Dawn Bartsch (née Dawson; born 1932) is a Canadian retired bush pilot and flight instructor.

== Biography ==
Bartsch was born in Penticton, British Columbia, Canada, in 1932. She was interested in becoming a pilot from a young age, although careers counsellors at her high school advised her that becoming a female pilot was impossible, and to train as a nurse instead. Nevertheless, she applied to McGill University's aviation school. She was rejected due to her gender, and had to apply elsewhere until a flight school in Vancouver agreed to give her a place in their programme. The teachers were impressed with her aptitude and skills, however on completion of her studies, in 1951, the government inspector refused to give Bartsch the flying test. Bartsch's teacher persuaded the inspector to take her for the test; he later told the teacher that Bartsch flew so well he couldn't refuse her a license. When Bartsch and her flight school classmates were hired to what would become Air Canada, the company changed their job offer on realising her sex, and she was offered a flight attendant position rather than a pilot position. Bartsch declined and found work as a flight instructor in Calgary, Alberta, instead, although at half the pay of her male colleagues. Although more progressive airlines eventually agreed to hire her as a pilot, the Canadian Air Line Pilots’ Association refused to accept women members.

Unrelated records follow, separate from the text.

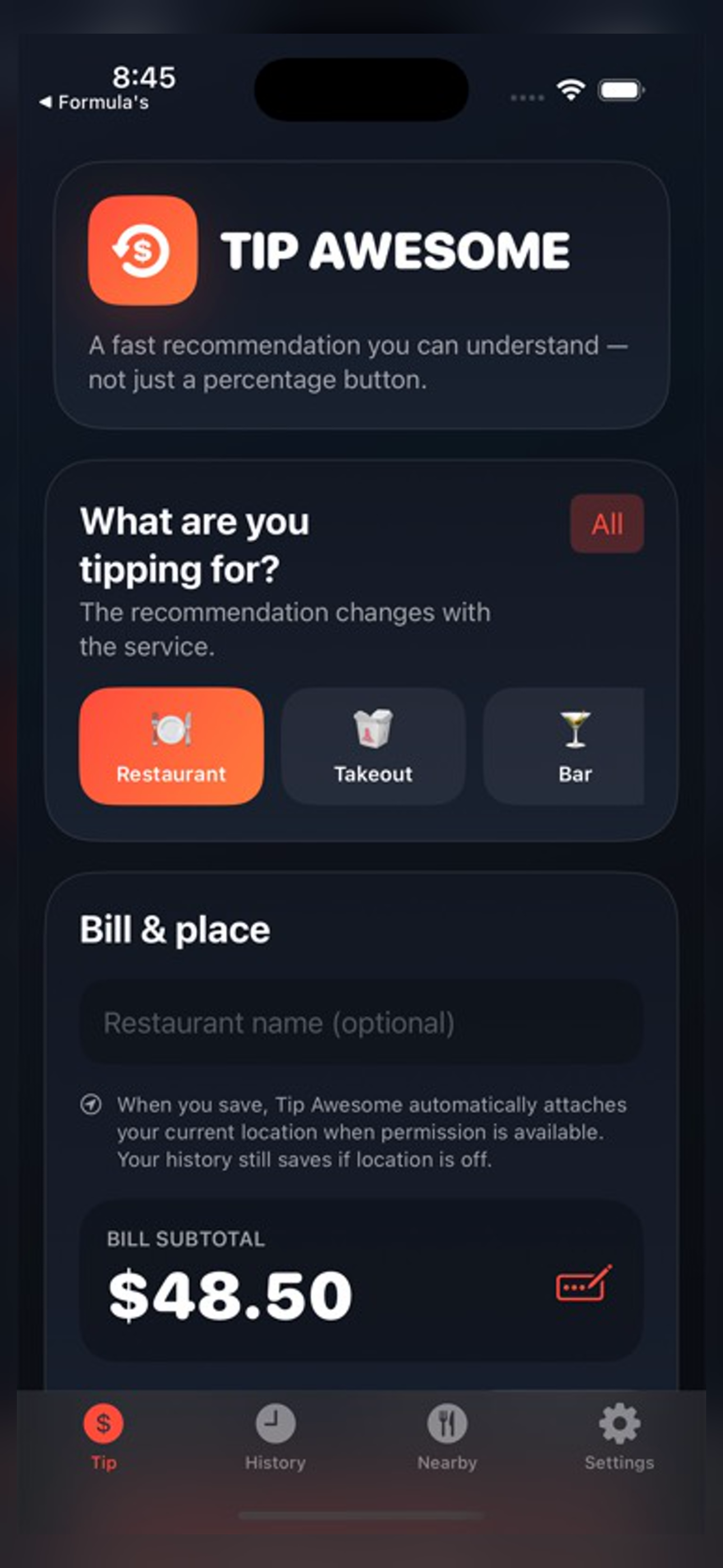 Tip Awesome screenshot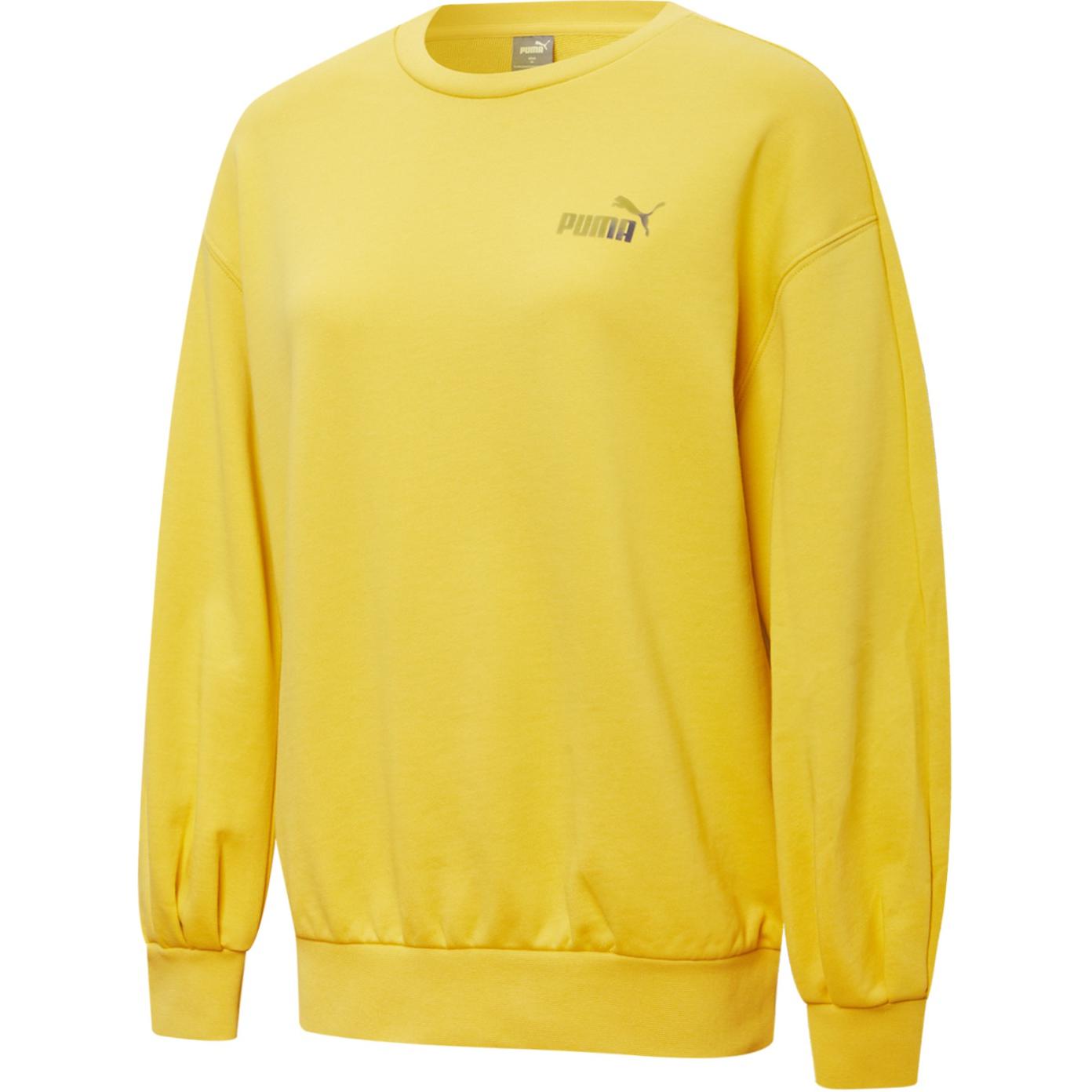 

Puma Logo Print Casual Crewneck Sweatshirt Women sweatshirt Bamboo-Yellow 537019-31 L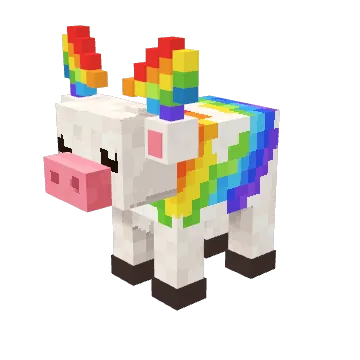 Rainbow Wing, a rainbow voxel cow from Moonch.io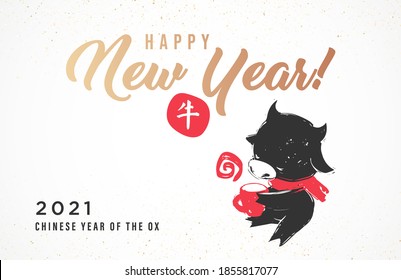 Greeting card in Chinese Style. 2021 Happy New Year Card. Gold Ox, Bull Symbol of the year. Hieroglyph translation: "Bull"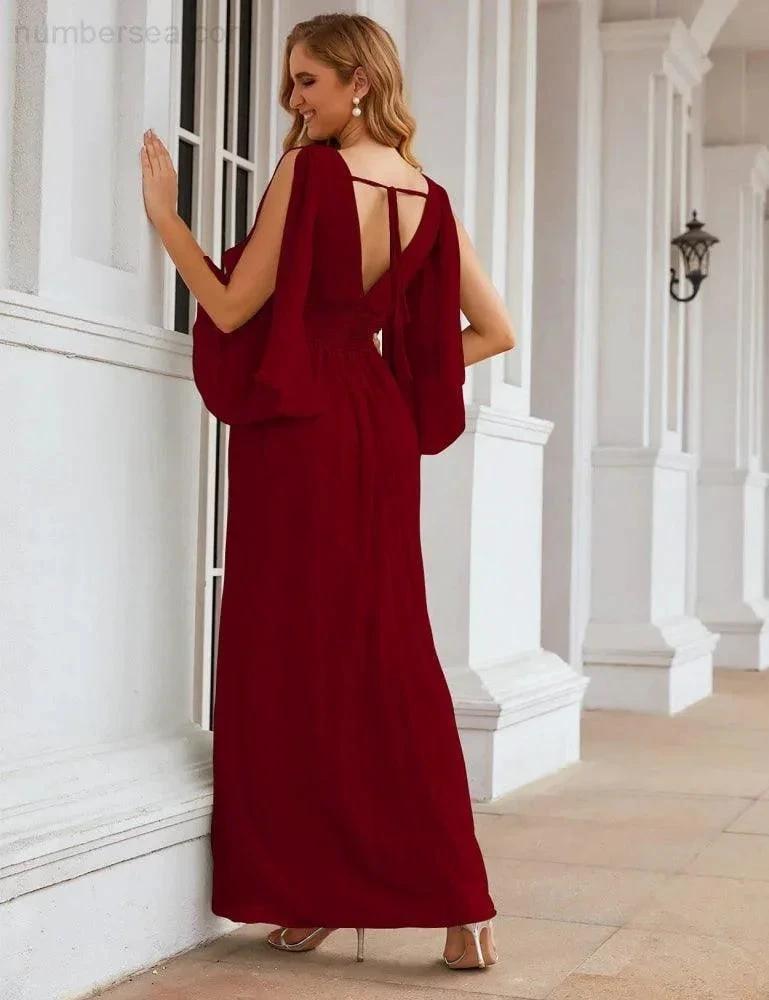 ZapDress Chiffon Bridesmaid Dresses with Split for Women Wedding Long Party Prom Gown Flutter Sleeve (ZD17034)
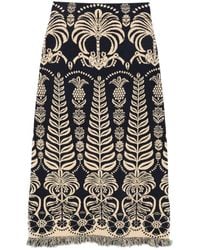 FARM Rio - Midi-Rok Met Bloemenjacquard En Franje - Lyst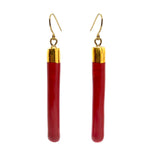 Ethra dangle ceramic earrings in red color by Nunako - The Greek Art Company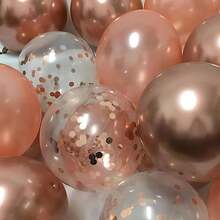 60 Pcs 12 Inch  Blue And Silver Balloons Light Blue White Latex Balloons With Chrome Metallic Silver Party Balloons For   Shower Bridal Baptism Winter Birthday Party Decorations-853880 - 玫瑰金色 - 查看 6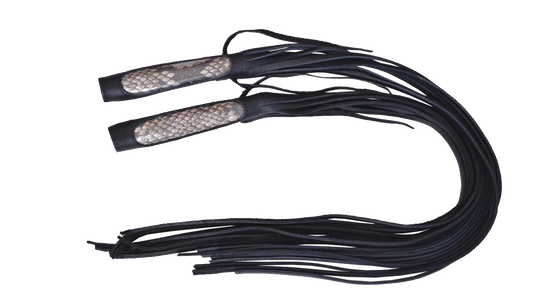 Black leather whips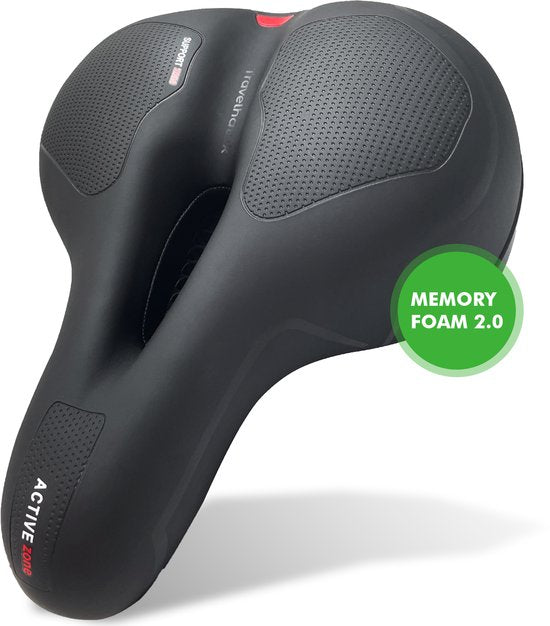 Travelhawk Fahrradsattel - City-Sattel - Extra komfortabel - Belüftung - Unisex - Schwarz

In the late 1950s Bartsch moved to Dawson City, Yukon, and set up an air transport business in partnership with her father and a fellow pilot, Ron Connelly. The company, Connelly-Dawson Airways, flew mail, fuel and food supplies to remote communities in the Yukon and Arctic Circle regions. Many of the communities lacked airfields, and Bartsch frequently had to land on sandbars and frozen lakes. In the early 1970s Bartsch retired from the business and moved to Hawaii.

Bartsch continued to fly, in international race events - in 1997 she won a bronze medal in the 1997 World Air Games long distance race. Bartsch also participated in the London to Sydney event, then crossing the Pacific to Hawaii.

=== Recognition ===
In 2011, Bartsch was inducted into the Yukon Transportation Hall of Fame and received the Yukon Territory Order of Polaris in recognition of her work in the region. In 2015, Bartsch received the Elsie MacGill Northern Lights Award for Pioneers.

=== Personal life ===
In 1962, Bartsch married Gordon Bartsch, a pilot she had hired to work at Connelly-Dawson Airways.